= Main diagonal =

Entries of a matrix for which the row and column indices are equal

In linear algebra, the main diagonal (sometimes principal diagonal, primary diagonal, leading diagonal, major diagonal, or good diagonal) of a matrix $A$ is the list of entries $a_{i,j}$ where $i = j$. All off-diagonal elements are zero in a diagonal matrix. The following four matrices have their main diagonals indicated by red ones:

$$\begin{bmatrix}
\color{red}{1} & 0 & 0\\
0 & \color{red}{1} & 0\\
0 & 0 & \color{red}{1}\end{bmatrix}
\qquad
\begin{bmatrix}
\color{red}{1} & 0 & 0 & 0 \\
0 & \color{red}{1} & 0 & 0 \\
0 & 0 & \color{red}{1} & 0 \end{bmatrix}
\qquad
\begin{bmatrix}
\color{red}{1} & 0 & 0 \\
0 & \color{red}{1} & 0 \\
0 & 0 & \color{red}{1} \\
0 & 0 & 0
\end{bmatrix}

\qquad
\begin{bmatrix}
\color{red}{1} & 0 & 0 & 0 \\
0 & \color{red}{1} & 0 & 0 \\
0 & 0 & \color{red}{1} & 0 \\
0 & 0 & 0 & \color{red}{1}
\end{bmatrix}$$

==Square matrices==
For a square matrix, the diagonal (or main diagonal or principal diagonal) is the diagonal line of entries running from the top-left corner to the bottom-right corner. That is, the diagonal of a matrix consists of the elements, called diagonal entries or diagonal elements, for which the row index and the column index are equal.

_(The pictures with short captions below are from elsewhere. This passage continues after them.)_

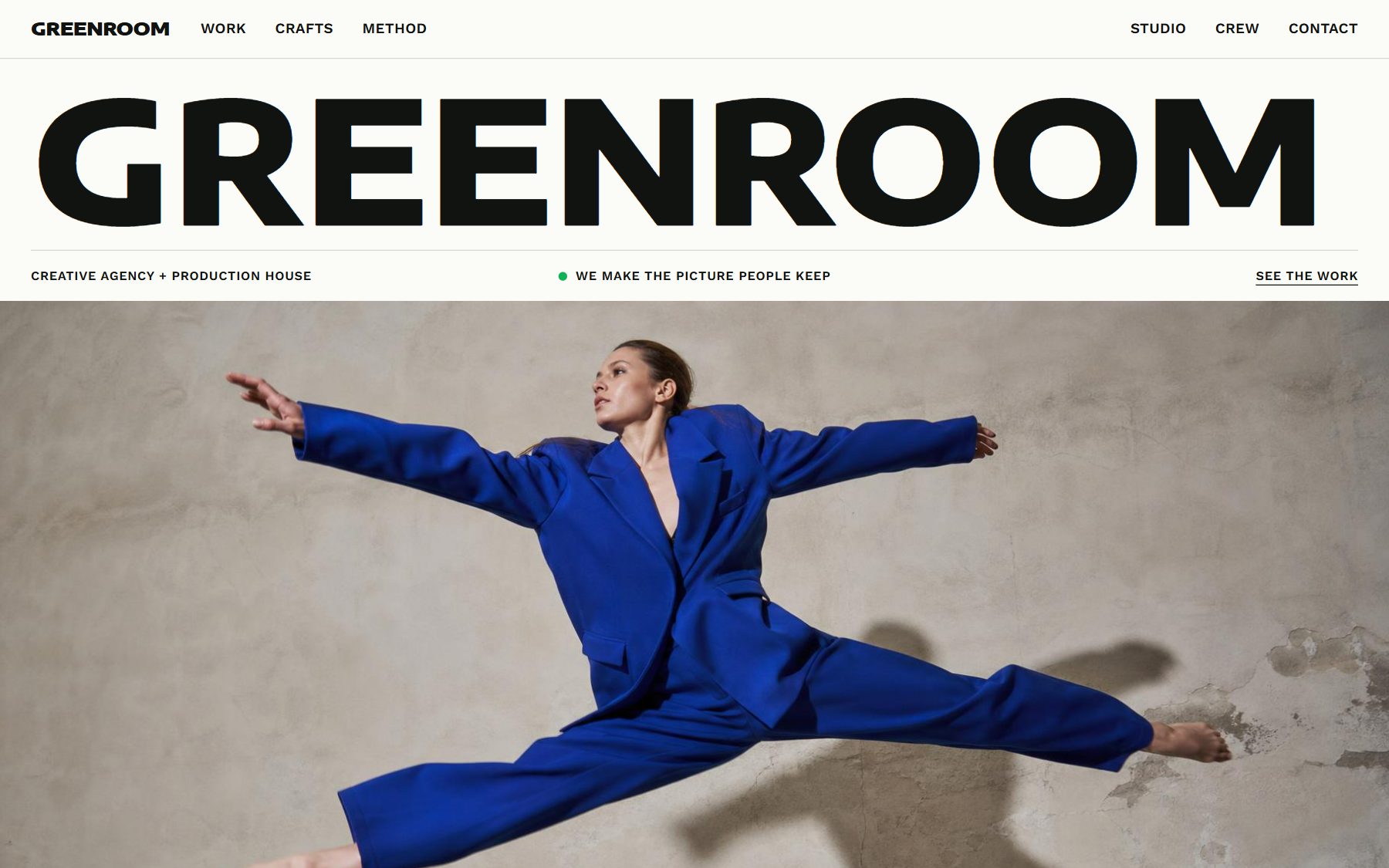 A creative agency website in one of Doko's designs: its name in large type above a photo of a dancer mid-leap in a cobalt suit.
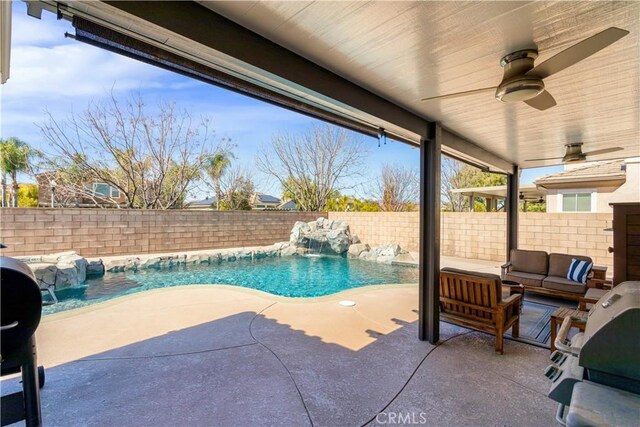 view of pool with a ceiling fan, a fenced in pool, a fenced backyard, an outdoor hangout area, and a patio area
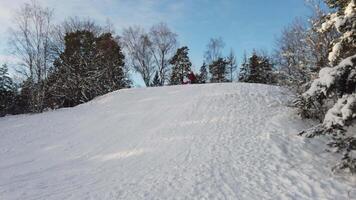 The sun has just risen in a cloudy sky over the snowy hill in Scandinavia video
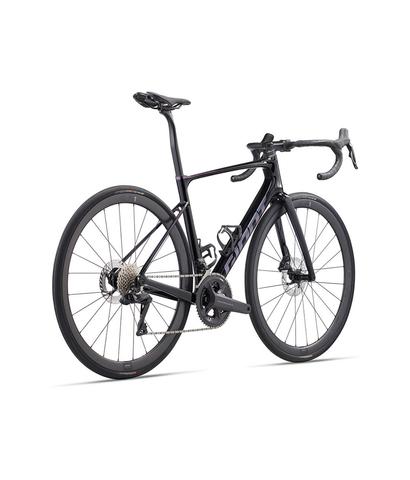 A 2024 Giant Defy Advanced Pro 0 road bike featuring a sleek design with a dark color scheme and advanced components including disc brakes and a modern geometric frame
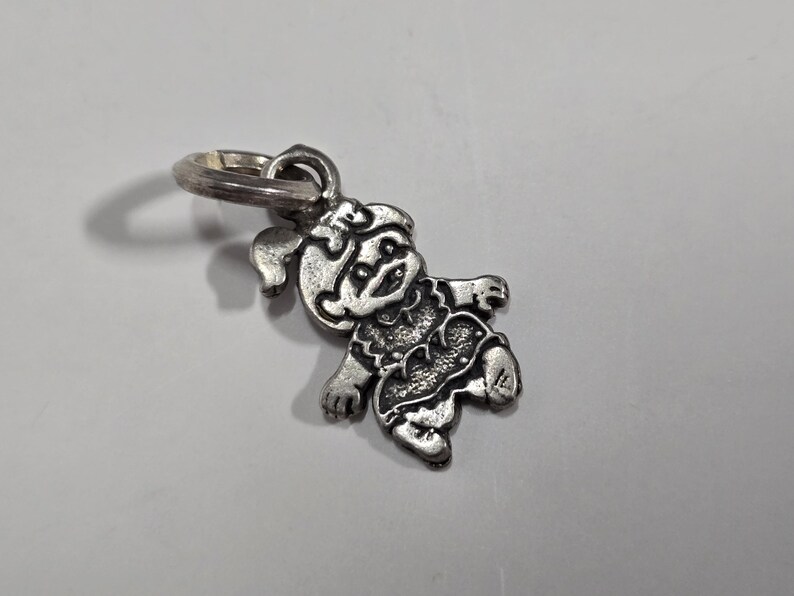 May include: A silver charm featuring a cartoon girl with a bow in her hair. The charm is attached to a silver ring.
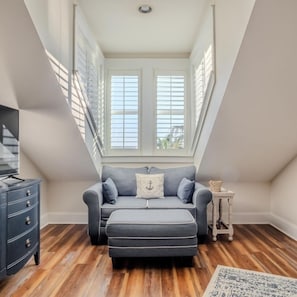 A modern loft bedroom with a sloped ceiling, a grey sofa, a matching ottoman, a small white side table, and a wooden floor.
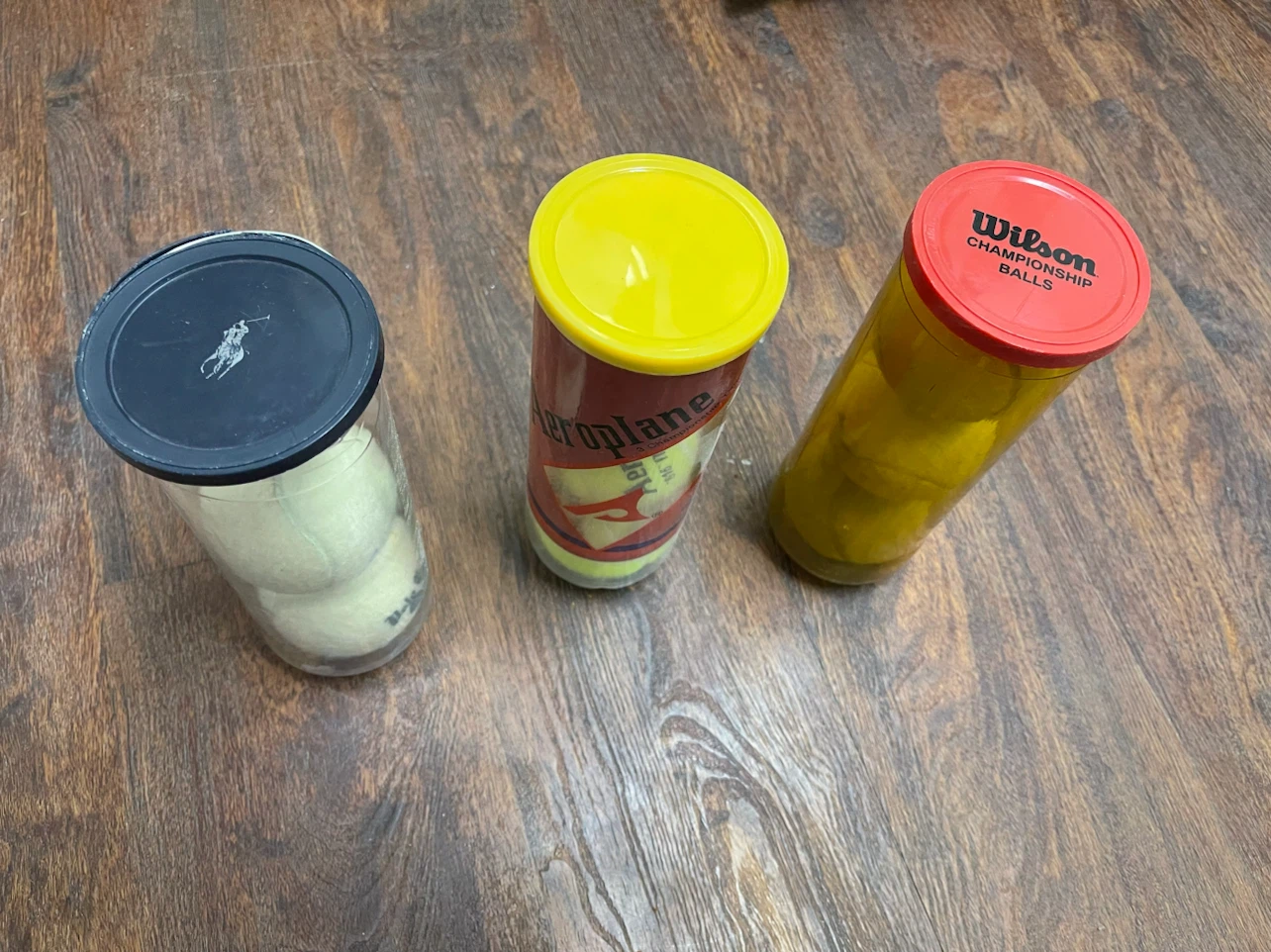 Assorted Tennis Balls in Containers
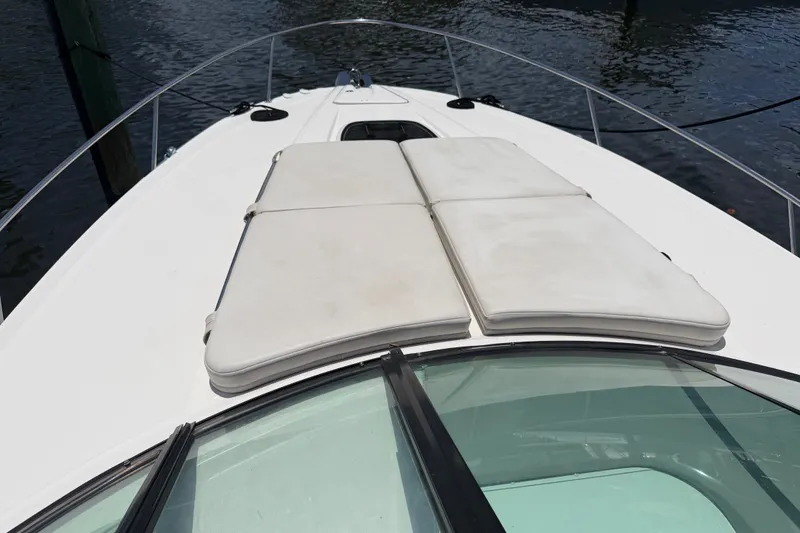 Slide: The Image of 2015 Sea Ray 370 Venture boat with cushioned sunbathing area on deck. - 27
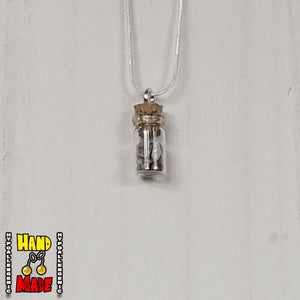 A glass jar, filled with Lapis Lazuli crushed crystal, hanging from a silver necklace.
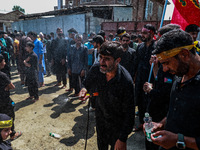 Kashmiri Shiite Muslims are chanting religious slogans as they take part in an Ashura procession during Muharram in Sopore, Jammu and Kashmi...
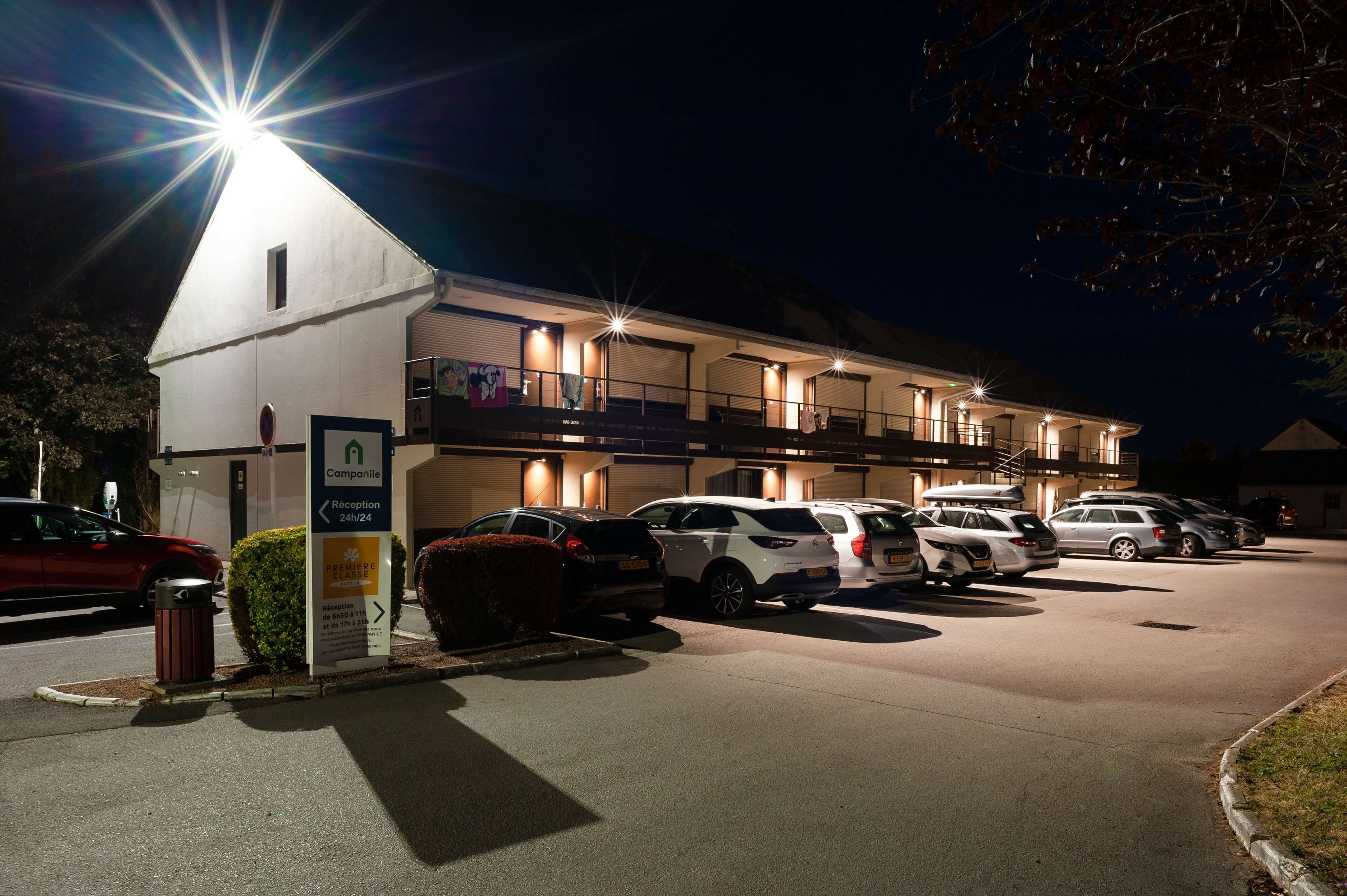 Hotel med reception, flere parkeringspladser og oplyst facade om natten.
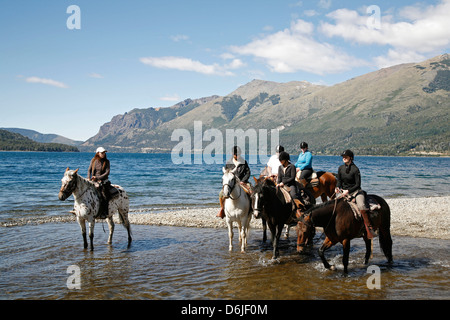 Horseback riding by Guttierez Lake in Estancia Peuma Hue, Patagonia, Argentina, South America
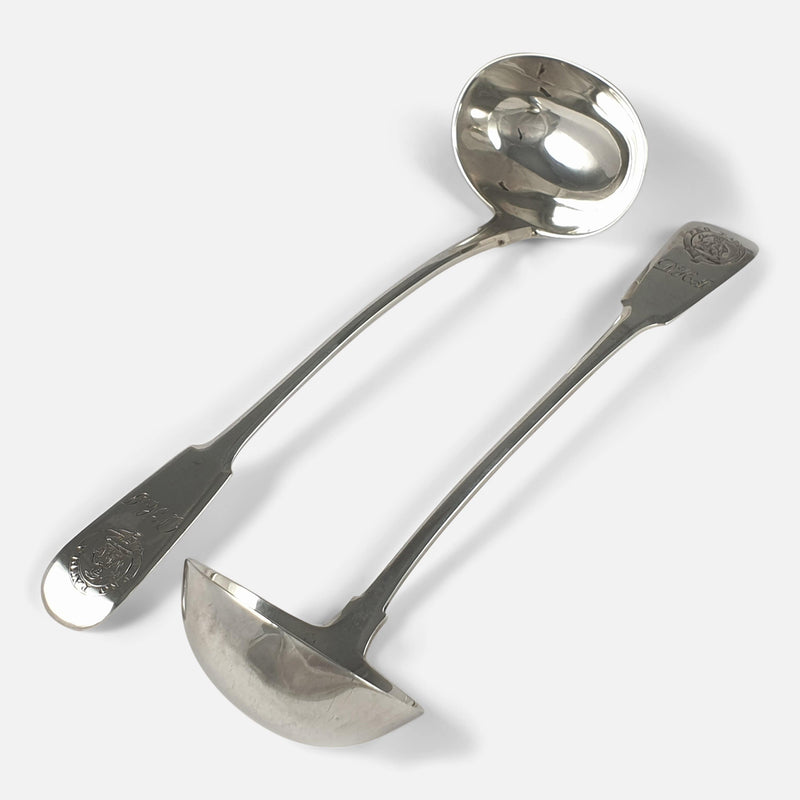 the toddy ladles viewed facing in opposite directions to one another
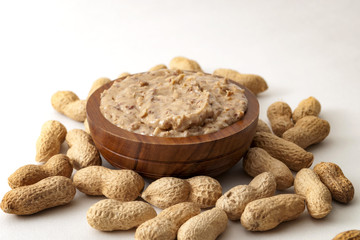 American breakfast, sweet food and snack high in calories concept with a bowl of crunchy peanut butter surrounded by peanuts still in shell, isolated on white background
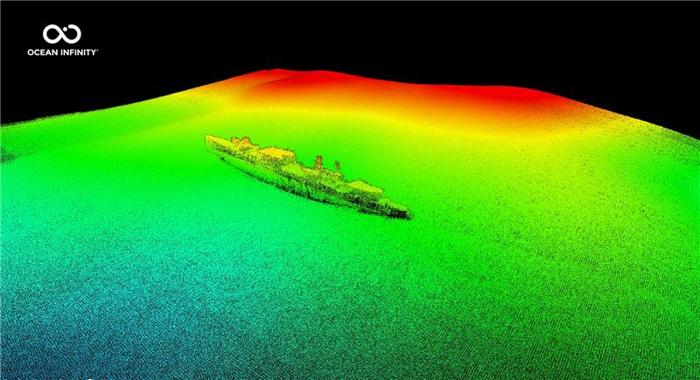 L'immagine mostra la scansione multibeam della nave che riposa sul fondo del mare. L'immagine mostra il fondale marino in tonalità di verde che diventano gialle e poi rosse man mano che l'elevazione aumenta. La nave si trova al centro di una grande macchia verde e appare intera. 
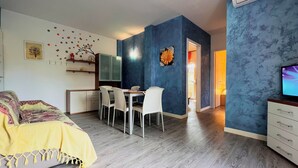 Een modern appartement met een eethoek, een bed en een televisie.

For example, the identity matrix can be defined as having entries of 1 on the main diagonal and zeroes elsewhere:
$$\begin{pmatrix}
 1 & 0 & 0 \\
 0 & 1 & 0 \\
 0 & 0 & 1
\end{pmatrix}$$
The trace of a matrix is the sum of the diagonal elements.

The top-right to bottom-left diagonal is sometimes described as the minor diagonal or antidiagonal.

The off-diagonal entries are those not on the main diagonal. A diagonal matrix is one whose off-diagonal entries are all zero.

A superdiagonal entry is one that is directly above and to the right of the main diagonal. Just as diagonal entries are those $A_{ij}$ with $j=i$, the superdiagonal entries are those with $j = i+1$. For example, the non-zero entries of the following matrix all lie in the superdiagonal:
$$\begin{pmatrix}
 0 & 2 & 0 \\
 0 & 0 & 3 \\
 0 & 0 & 0
\end{pmatrix}$$
Likewise, a subdiagonal entry is one that is directly below and to the left of the main diagonal, that is, an entry $A_{ij}$ with $j = i - 1$. General matrix diagonals can be specified by an index $k$ measured relative to the main diagonal: the main diagonal has $k = 0$; the superdiagonal has $k = 1$; the subdiagonal has $k = -1$; and in general, the $k$-diagonal consists of the entries $A_{ij}$ with $j = i+k$.

A banded matrix is one for which its non-zero elements are restricted to a diagonal band. A tridiagonal matrix has only the main diagonal, superdiagonal, and subdiagonal entries as non-zero.

==Antidiagonal==

The antidiagonal (sometimes counter diagonal, secondary diagonal (*), trailing diagonal, minor diagonal, off diagonal, or bad diagonal) of an order $N$ square matrix $B$ is the collection of entries $b_{i,j}$ such that $i + j = N+1$ for all $1 \leq i, j \leq N$. That is, it runs from the top right corner to the bottom left corner.
$$\begin{bmatrix}
0 & 0 & \color{red}{1}\\
0 & \color{red}{1} & 0\\
\color{red}{1} & 0 & 0\end{bmatrix}$$

(*) Secondary (as well as trailing, minor and off) diagonals very often also mean the (a.k.a. k-th) diagonals parallel to the main or principal diagonals, i.e., $A_{i,\,i\pm k}$ for some nonzero k =1, 2, 3, ... More generally and universally, the off diagonal elements of a matrix are all elements not on the main diagonal, i.e., with distinct indices i ≠ j.